Restate the data word for word. Leave the pictures out.

Start of RECORDS SHOWN

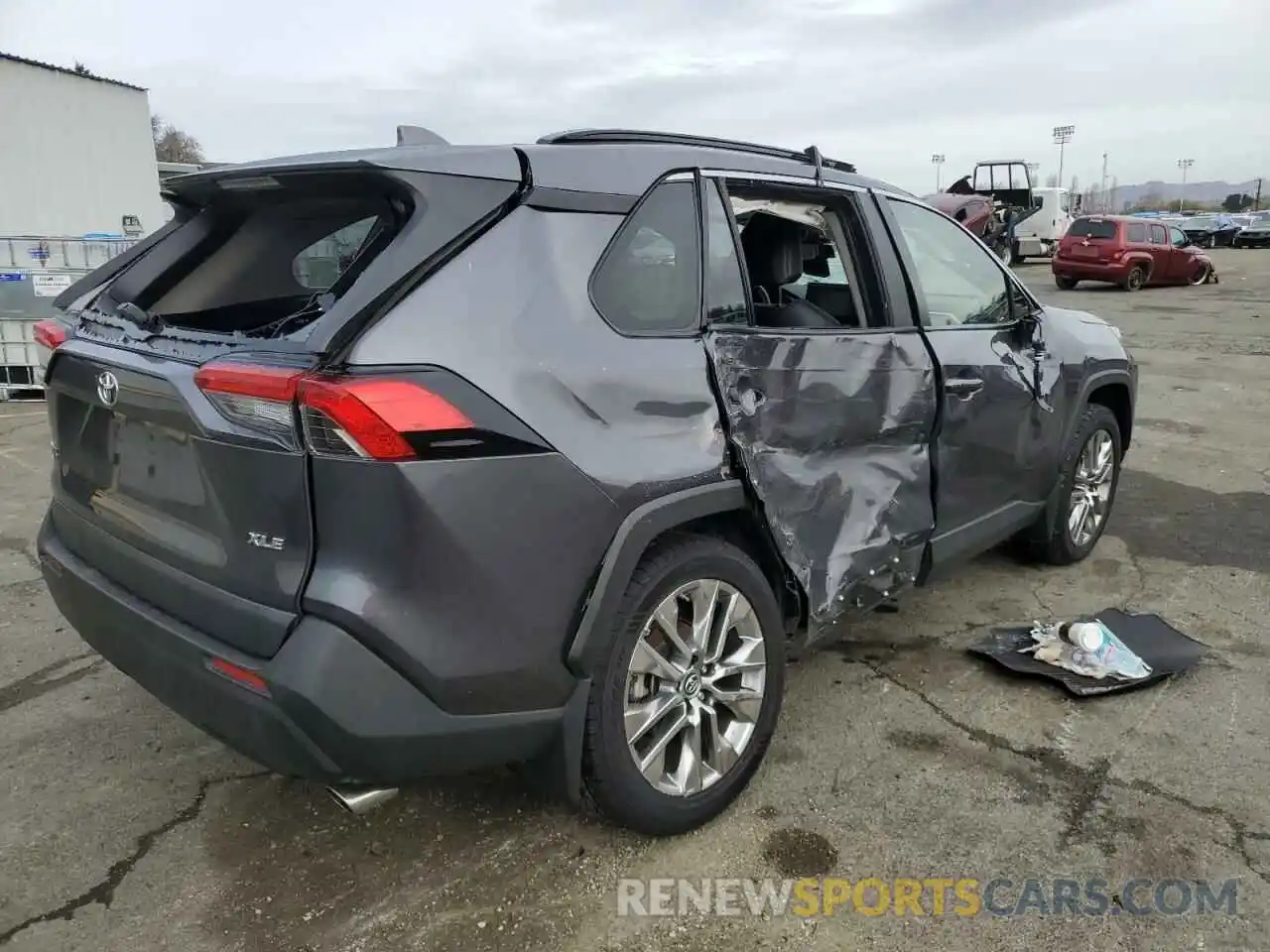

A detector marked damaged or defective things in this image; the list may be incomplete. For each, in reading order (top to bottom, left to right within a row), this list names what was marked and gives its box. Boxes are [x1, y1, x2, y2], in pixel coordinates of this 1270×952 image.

shattered window [587, 182, 698, 339]
shattered window [881, 197, 1012, 327]
damaged gray suv [37, 128, 1127, 833]
cracked asphalt [0, 247, 1262, 952]
crushed rear door [710, 327, 937, 639]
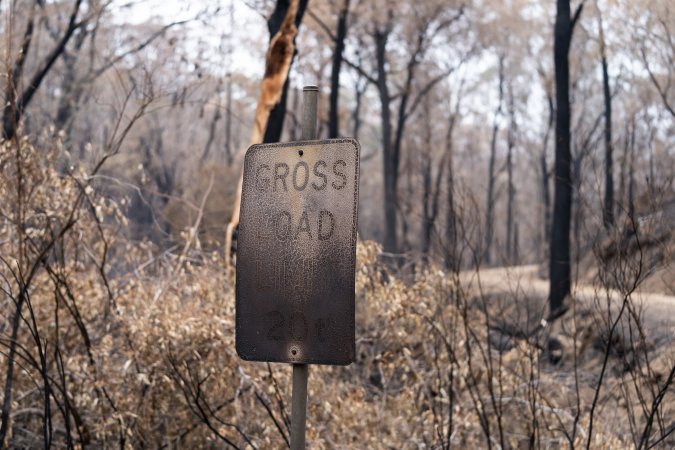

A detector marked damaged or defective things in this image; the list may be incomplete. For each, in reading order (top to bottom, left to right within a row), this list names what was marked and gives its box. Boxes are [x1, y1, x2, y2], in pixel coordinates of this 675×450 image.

End of RECORDS SHOWN

RESPONSE FOR THIS EXERCISE:
A detector marked damaged or defective things in this image; the list may be incomplete. For each, in reading order (top to bottom, left to right within a row), this list names what was marked and gives its box. Boxes are [x1, y1, x2, y2], in pixel coordinates of this 1270×952 image.

shattered window [587, 182, 698, 339]
shattered window [881, 197, 1012, 327]
damaged gray suv [37, 128, 1127, 833]
cracked asphalt [0, 247, 1262, 952]
crushed rear door [710, 327, 937, 639]

A detector marked damaged or defective things in this image; the list may be incomplete. For each, in reading order (top to bottom, left to right within a row), this list names what was marked and gives its box. Boxes are [x1, y1, x2, y2], in pixel coordinates of this 675×450 image.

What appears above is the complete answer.